The pattern 18 is preferably formed by screen printing glossy ultraviolet curable ink, although alternative processes including flexography, offset printing, gravure, or physical embossing can be used. The ink used can be clear or have any color. It can also be substantially opaque or at least partially transparent.

The thickness or height of the textured pattern 18 is preferably approximately 0.0001" to 0.0015", and is selected in accordance with a particular application. It is further within the scope of the invention to have the textured pattern 18 thicker (higher) in some areas than in others. If a thickness greater than that which can be produced with a single silk screened layer is desired, then multiple layers may be applied one on top of the another until the desired thickness is attained.

The next step of the present method is to form a protective transparent layer 20 over the textured pattern 18 and any exposed portions of the underlying layers. The transparent layer 20 is preferably formed of clear polyester by thermal lamination, although alternative processes include extrusion, mounting, printing and coating using any clear plastic or ink. The transparent layer 20 can also be formed of a pressure sensitive sheet using cold lamination. The thickness of the transparent layer 20 is approximately 0.0015" to 0.250".

The final step of the process as illustrated in FIG. 1 is to form a second textured layer 22 over all or a portion of the surface of the transparent layer 20. The textured layer 22 includes protrusions 22a in the form of lines, circular bumps, or any other suitable design in a manner similar to the first textured layer 18. The layer 22 is preferably formed using screen printing with glossy ultraviolet curable ink, although alternative processes can be used. The ink can be clear or have any color. It can also be substantially opaque or at least partially transparent.
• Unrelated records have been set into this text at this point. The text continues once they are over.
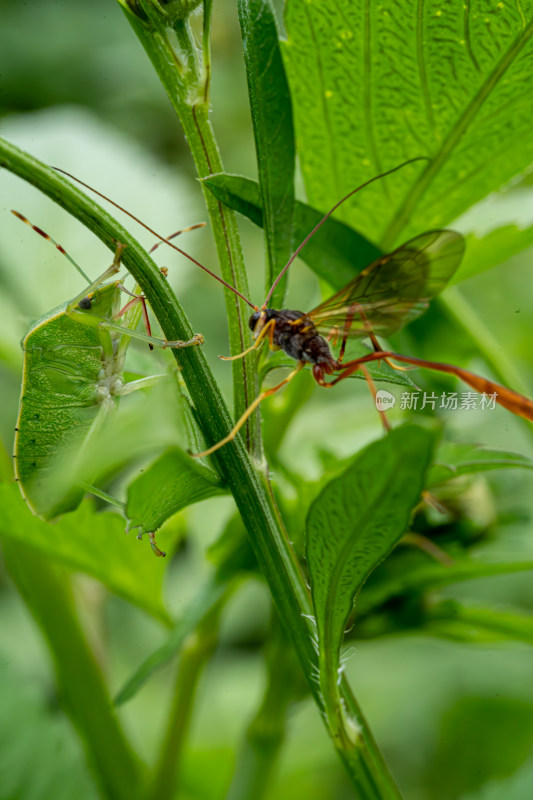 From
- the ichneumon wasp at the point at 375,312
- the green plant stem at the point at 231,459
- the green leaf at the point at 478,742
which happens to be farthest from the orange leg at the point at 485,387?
the green leaf at the point at 478,742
The first textured pattern 18 is provided to produce an illusion of depth, and thereby a pseudo-three dimensional image. Light incident on the article 10 from above as viewed in FIG. 1 is reflected off the glossy textured pattern 18 back through the transparent layer 20 to a viewer such that the pattern 18 appears to be in a third dimension which is different from the printed image 16. Light reflected back from the shiny reflective layer 14 also appears to be in a different, third dimension from the printed image 16.

The illusion is enhanced by making the textured pattern 18 at least partially transparent, whereby light is reflected from one or more of the underlying layers back through the pattern 18 as well as from the surface of the pattern 18. If the pattern 18 is formed over an opaque portion of the printed image 16, light will be reflected back to the viewer from the printed image 16 through the pattern 18 which diffracts or diverges the light. If the textured pattern 18 is formed over a transparent portion of the printed image 16, light will be reflected back from the reflective layer 14 through the printed image 16 and the pattern 18. In either of these latter cases, any color which is present in the textured pattern 18, printed image 16 and/or reflective layer 14 will be present in the light which is reflected back to the viewer.

The second textured pattern 22 is provided to provide a desirable tactile textured feeling to the touch which simulates embossing. The second textured pattern 22 is especially desirable in border areas, but can be provided anywhere on the surface of the transparent layer 20 or over the entire surface of the transparent layer 20. This layer also reflects light from its own plane which dramatically adds to the dimensional effect.

FIG. 1 illustrates an embodiment of the invention in which an image is formed on a single surface of a base sheet. It is further within the scope of the invention to provide a printed article image display with images on both sides of a sheet, for example a two-sided sports trading card as will be described below. This is accomplished, as illustrated in FIG. 2, by forming another printed image 24 on a rear or back surfaced 12b of the base sheet 12.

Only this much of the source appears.